Issue in making streams concurrent

Here are the details of the platform I am using:

  • Linux distro and version - Linux Ubuntu 18.04
  • GPU type - Jetson AGX Xavier
  • CUDA version - 10.0
  • CUDNN version - 7.3
  • TensorRT version - 5.0
  • OpenCV version - 3.3.1

Here’s what I am trying to achieve:

foo doTensorrtStuff()
      // build CUDA engine
      // parse network
      // build model
      cudaStreamCreateWithFlags ( &pStream, cudaStreamNonBlocking)
     // call to context enqueue to perform inference with pStream  
     return results;
int main()
// read image
std::future<foo> fut = std::async (doTensorRTStuff);
foo bar = fut.get();
return 0;

[b]The issue here is, I don’t see the TensorRT stuff and OpenCV stuff happening concurrently on the GPU (device) when inspected with NVIDIA Visual Profiler, even though they’re launched in separate threads on the host. The streams are still serialized.

  • Is this drawback of TensorRT?
  • Can someone shed light on what exactly is happening on the GPU?
  • [/b]


    The task queued in the same CUDA stream will be executed in sequence.
    Have you link OpenCV and TensorRT with the different stream?

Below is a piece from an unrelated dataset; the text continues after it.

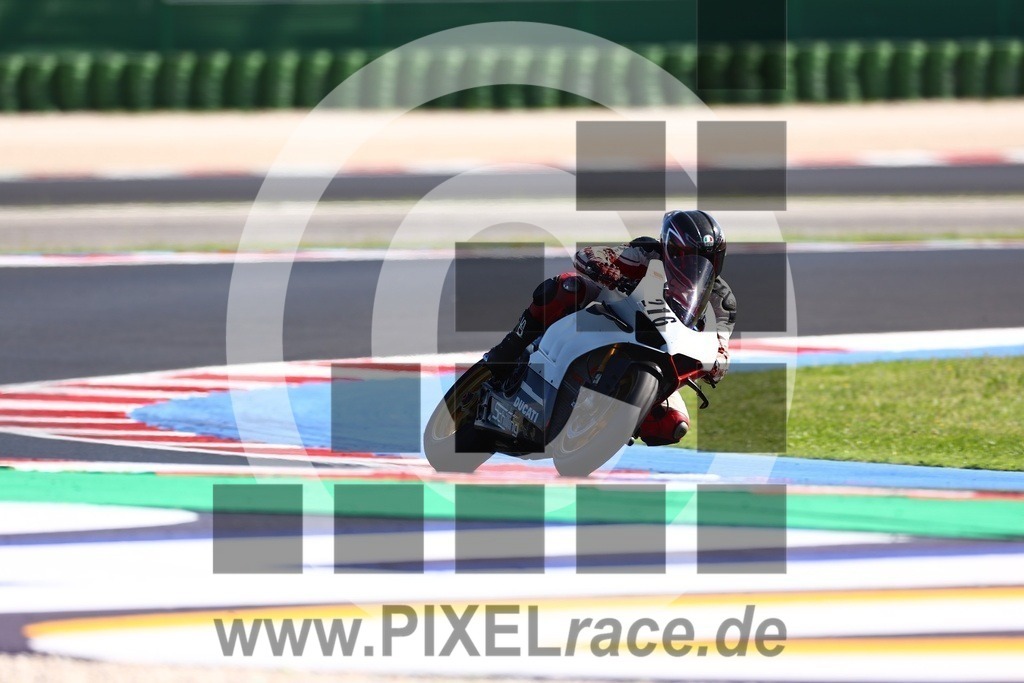 0216-20240928_07187 | Schöne Erinnerungen an spannende Momente - das festzuhalten ist unser Job. PIXELrace.de ist seit 2003 auf den Rennstrecken Europas unterwegs um die Action draußen beim Fahren und die wunderbare Stimmung imm Fahrerlager für euch einzufangen.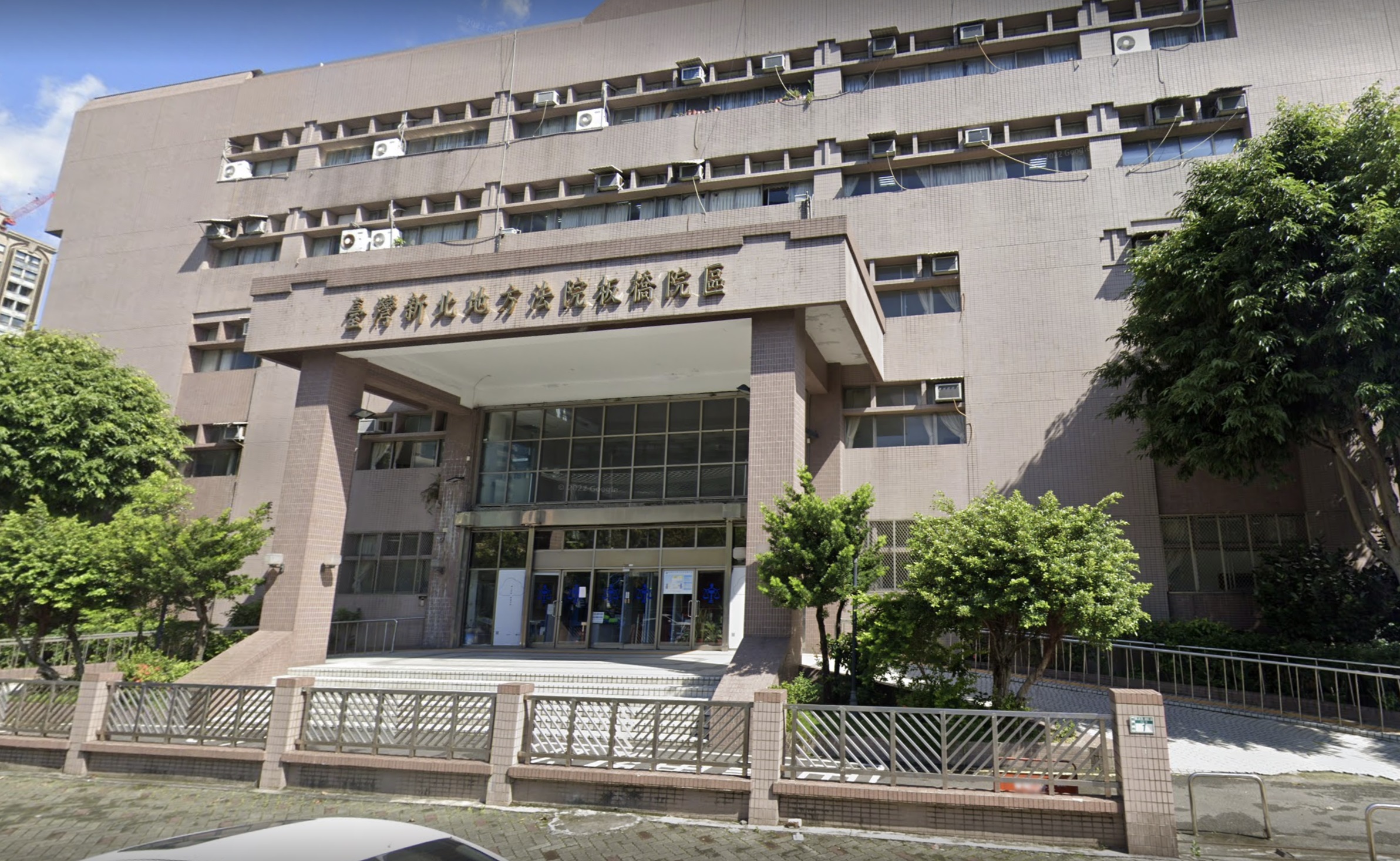 行政院針對新北校園少年暴力事件做出7點對策，對此司法人員卻告訴本刊：「這7個高見，正顯示官員與現實大脫節。」圖為新北少年法院。（翻攝自Google Maps）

    Another possible issue is the workload of TensorRT.
    If the TensorRT already occupies all the GPU resource, the concurrent execution will be impossible.

    You can check this by monitoring the GPU utilization.

    sudo ./tegrastats



    I have experimented with two combinations but none of them executed concurrently. I tried,

    • TensorRT Inference + OpenCV CUDA Operations in separate threads, created cudaStreamCreateWithFlags cudaStreamNonBlocking for TensorRT and an Instance of OpenCV Stream for OpenCV GPU operations
    • Only OpenCV CUDA Operations Launched In Different Threads with instances of OpenCV Stream so that operations do not happen in default stream.

    I do not see any sign of concurrency at all. I have tested this on Xavier initially and later on Titan V to see if there’s a limitation of resources but that doesn’t seem to be the case. The only code which shows concurrent execution is the HyperQ demo code from Nvidia CUDA samples. How do I replicate it in my context?


    To give a further suggestion, could you share your source with us?

    Hello AastaLLL,

    The source code is proprietary and I won’t be able to share it here. But I am sure replicating my scenario shouldn’t be tough. Here’s how you can replicate what I am facing:

    1. Invoke any 2 GPU functions of OpenCV in threads
    2. Perform TensorRT inference (using jetson-inference repo or from any of the TensorRT samples)

    You can switch the functions you are invoking in threads - invoke inference in a thread and invoke OpenCV GPUs after that (as posted in the snippet above).

    These functions aren’t being executed concurrently on the Device.


    Before checking this, could you share the system log from tegrastat with us?
    In most of the case, TensorRT occupies nearly all of the GPU resources and may prevent other application from concurrent execution.


    Hi AdithyaP,

    Is there any update on this issue or not a problem now?